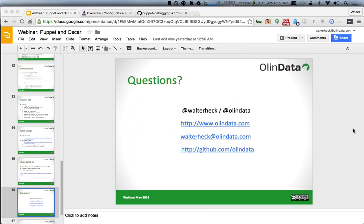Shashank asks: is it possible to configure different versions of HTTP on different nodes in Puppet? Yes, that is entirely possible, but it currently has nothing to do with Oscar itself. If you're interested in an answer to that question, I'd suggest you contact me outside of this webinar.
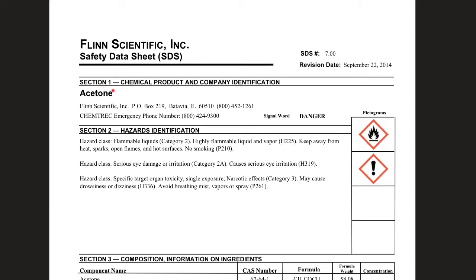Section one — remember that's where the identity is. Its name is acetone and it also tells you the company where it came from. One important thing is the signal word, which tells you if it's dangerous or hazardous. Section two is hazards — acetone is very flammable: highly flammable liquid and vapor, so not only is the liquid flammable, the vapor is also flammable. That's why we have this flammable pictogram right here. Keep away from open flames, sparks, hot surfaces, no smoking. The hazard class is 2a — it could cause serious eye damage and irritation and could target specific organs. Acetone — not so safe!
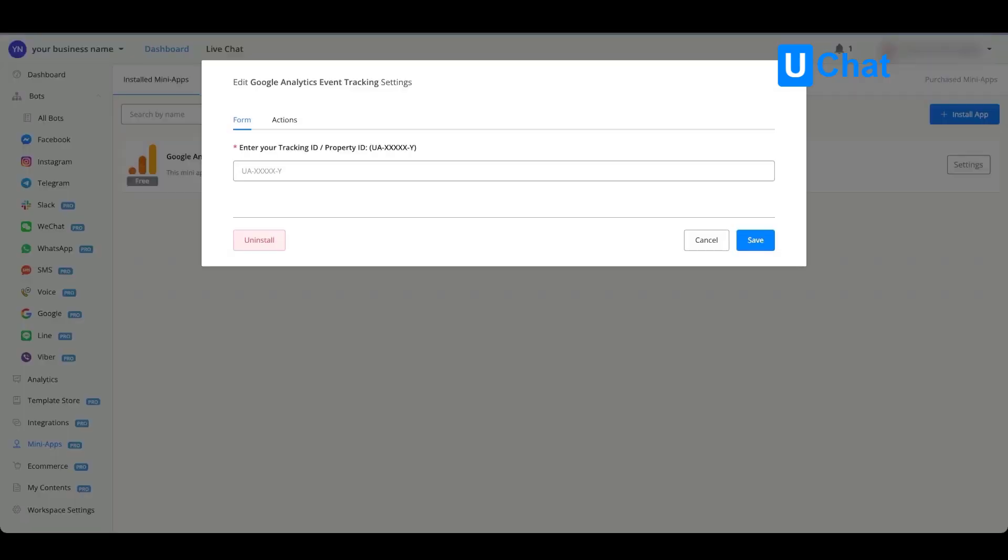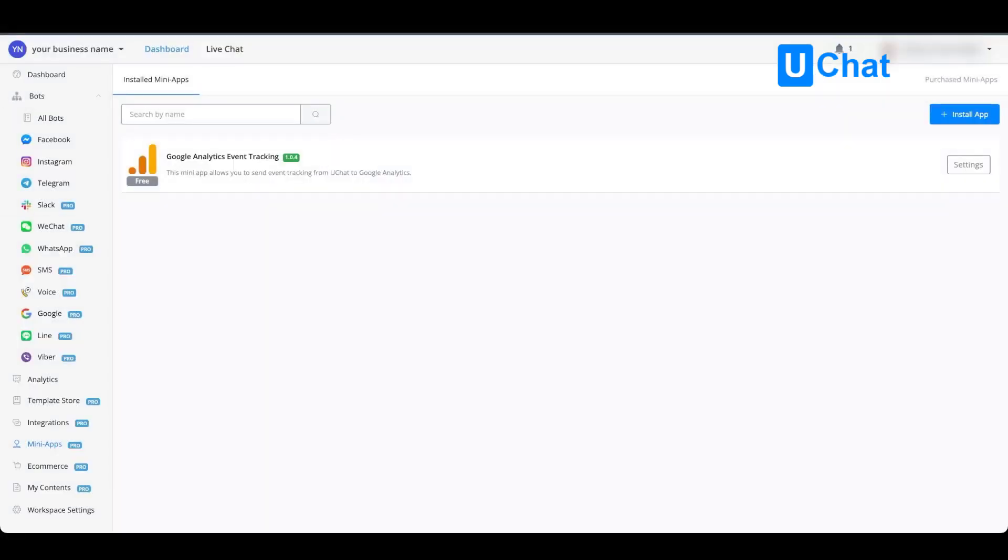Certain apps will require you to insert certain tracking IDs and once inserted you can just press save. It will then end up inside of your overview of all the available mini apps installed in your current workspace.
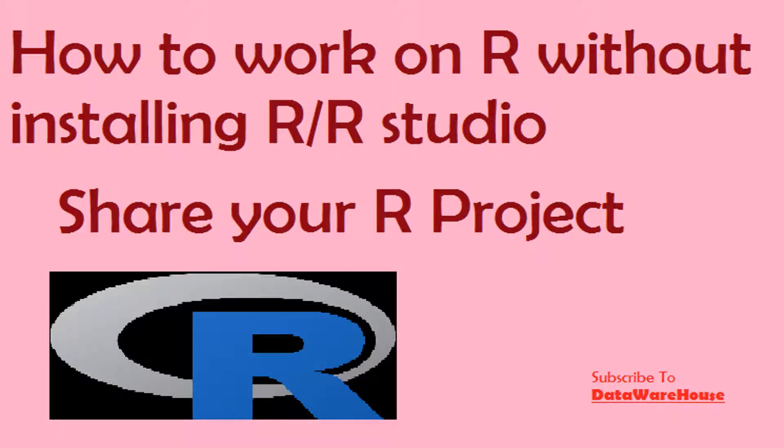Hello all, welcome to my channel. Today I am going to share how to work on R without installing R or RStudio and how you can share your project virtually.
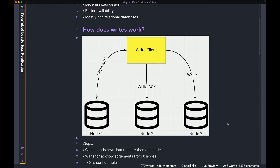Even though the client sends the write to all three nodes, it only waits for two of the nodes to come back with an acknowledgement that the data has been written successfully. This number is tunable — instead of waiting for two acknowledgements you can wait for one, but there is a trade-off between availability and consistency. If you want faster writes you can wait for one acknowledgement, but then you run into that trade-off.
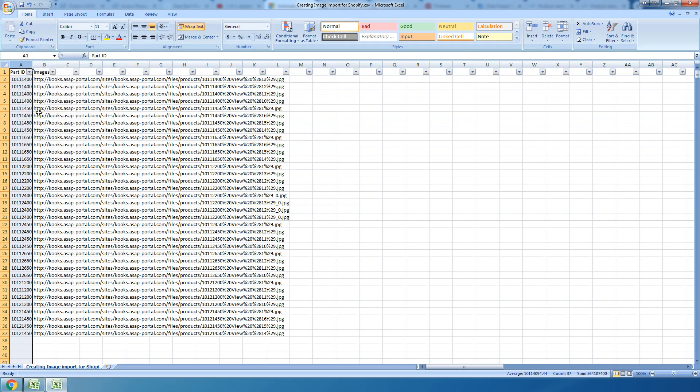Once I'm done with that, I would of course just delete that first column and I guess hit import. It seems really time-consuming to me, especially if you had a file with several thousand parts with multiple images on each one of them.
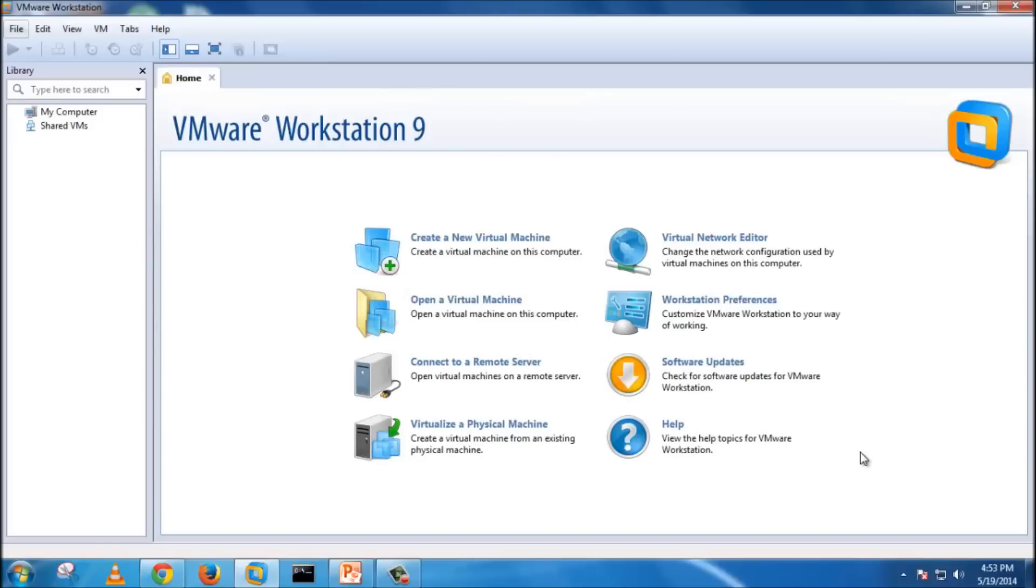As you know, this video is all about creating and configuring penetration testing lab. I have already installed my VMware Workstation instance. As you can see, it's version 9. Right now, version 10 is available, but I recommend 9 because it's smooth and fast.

────────────────────

*Your objective*. Output the line that contains "Once I'm done" and every line after it to the end of the records, word for word, leaving out the pictures.

*Answer to the exercise*.
Once I'm done with that, I would of course just delete that first column and I guess hit import. It seems really time-consuming to me, especially if you had a file with several thousand parts with multiple images on each one of them.
As you know, this video is all about creating and configuring penetration testing lab. I have already installed my VMware Workstation instance. As you can see, it's version 9. Right now, version 10 is available, but I recommend 9 because it's smooth and fast.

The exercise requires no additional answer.